======== Material shown
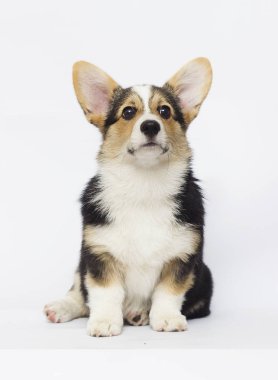köpek yavrusu Galce corgi üç renk görünüyor
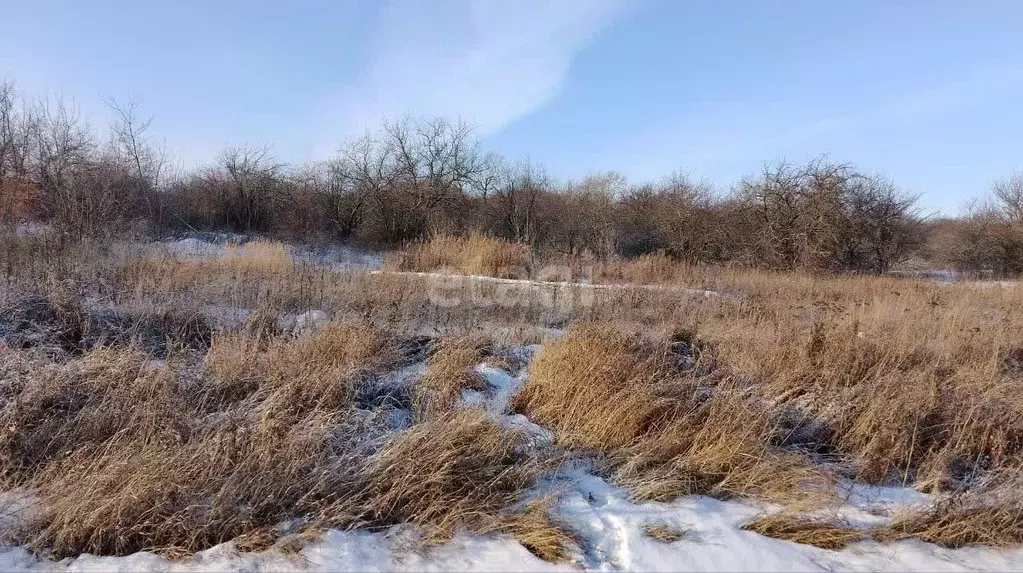 Участок в Мордовия, Саранск Новинка СНТ,  (5.0 сот.) - Фото 1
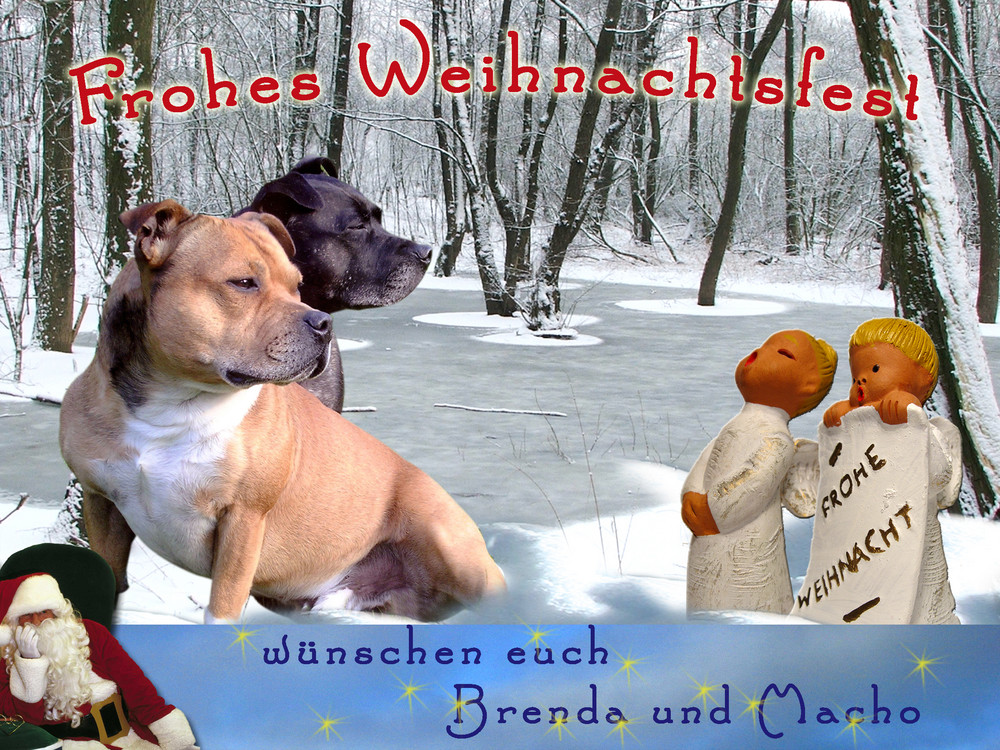 Besinnliches Weihnachtsfest.........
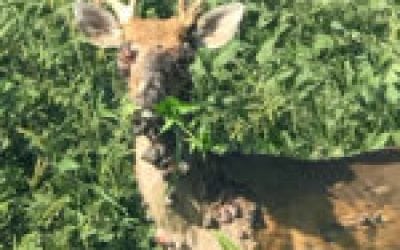 Deer Warts: What We Know About These Nasty Growths on Whitetails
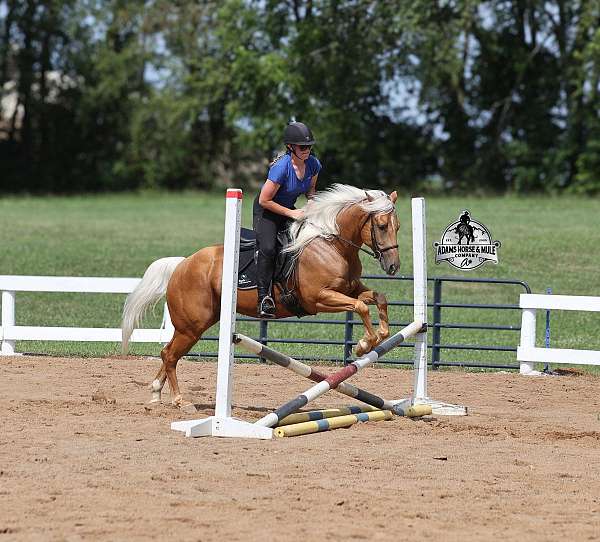 flashy-quarter-horse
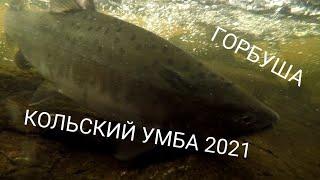 Кольский Умба 2021 ловля горбуши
================
Reproduce the records verbatim, omitting all images they contain.

köpek yavrusu Galce corgi üç renk görünüyor
 Участок в Мордовия, Саранск Новинка СНТ,  (5.0 сот.) - Фото 1
 Besinnliches Weihnachtsfest.........
 Deer Warts: What We Know About These Nasty Growths on Whitetails
 flashy-quarter-horse
 Кольский Умба 2021 ловля горбуши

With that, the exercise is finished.